**DATA UNDER STUDY:**
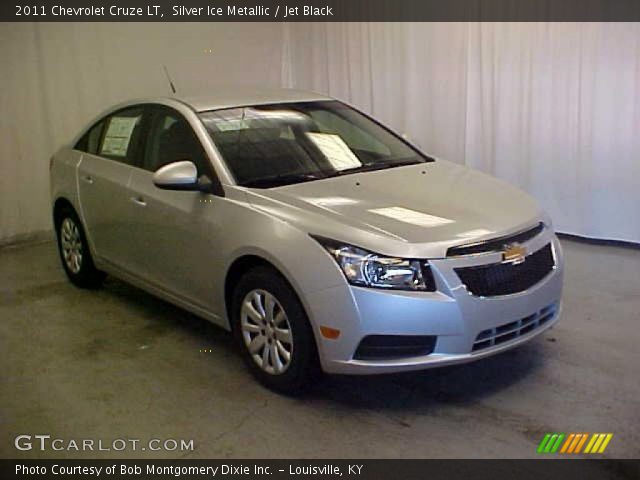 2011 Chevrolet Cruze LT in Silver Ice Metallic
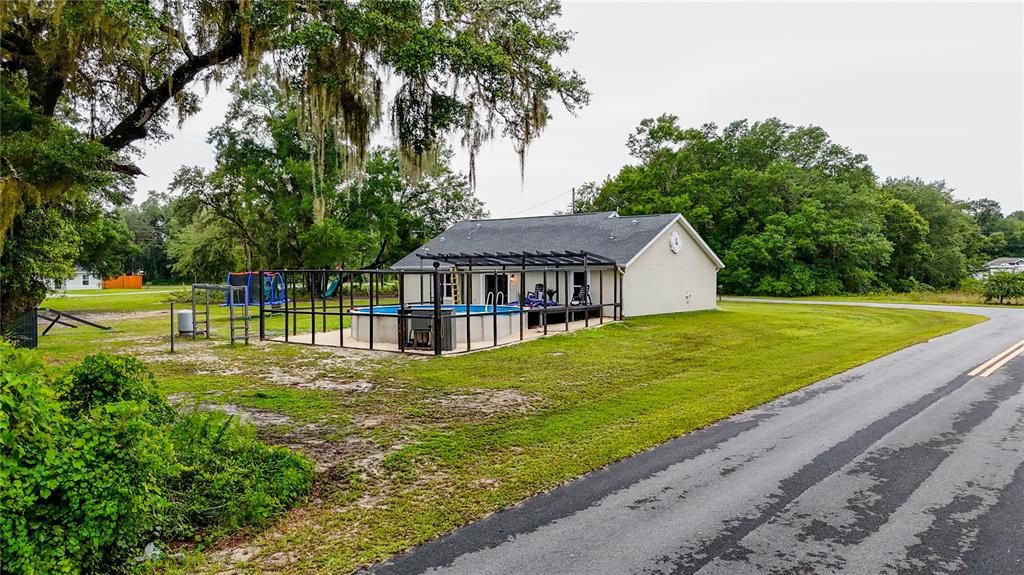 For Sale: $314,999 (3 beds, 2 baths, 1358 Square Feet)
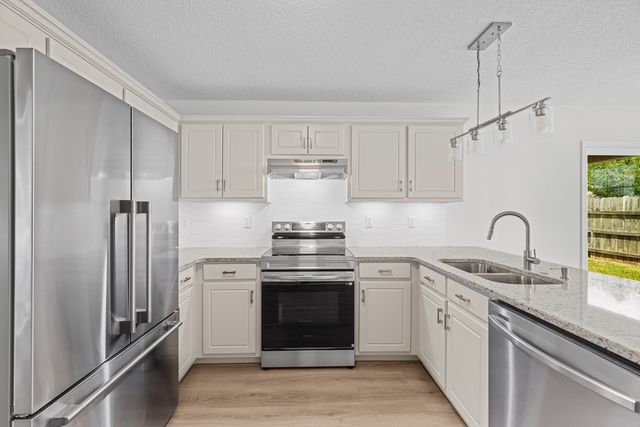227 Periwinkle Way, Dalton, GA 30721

* * *

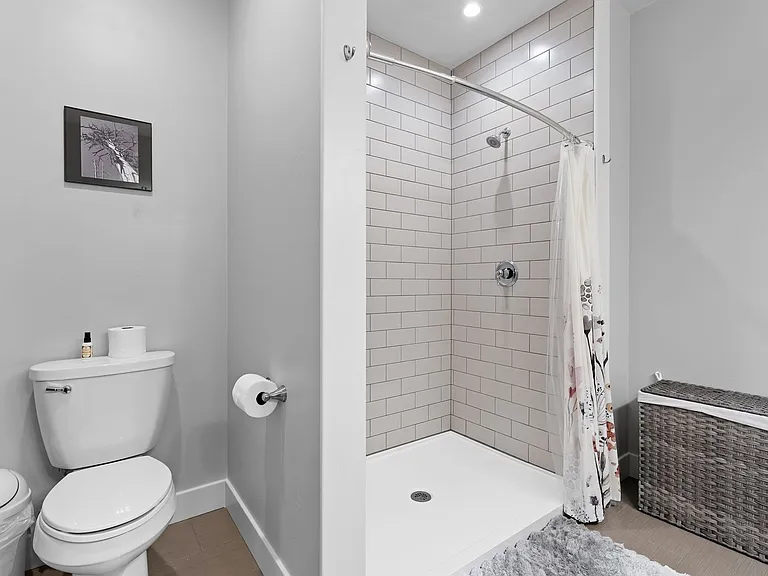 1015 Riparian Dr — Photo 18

**TASK REQUIREMENTS:**
Having found the line with "2011 Chevrolet Cruze" and the line with "227 Periwinkle Way, Dalton, GA 30721" in the material above, write out exactly those two and every line between, leaving the pictures out.

**ANSWER BOX:**
 2011 Chevrolet Cruze LT in Silver Ice Metallic
 For Sale: $314,999 (3 beds, 2 baths, 1358 Square Feet)
227 Periwinkle Way, Dalton, GA 30721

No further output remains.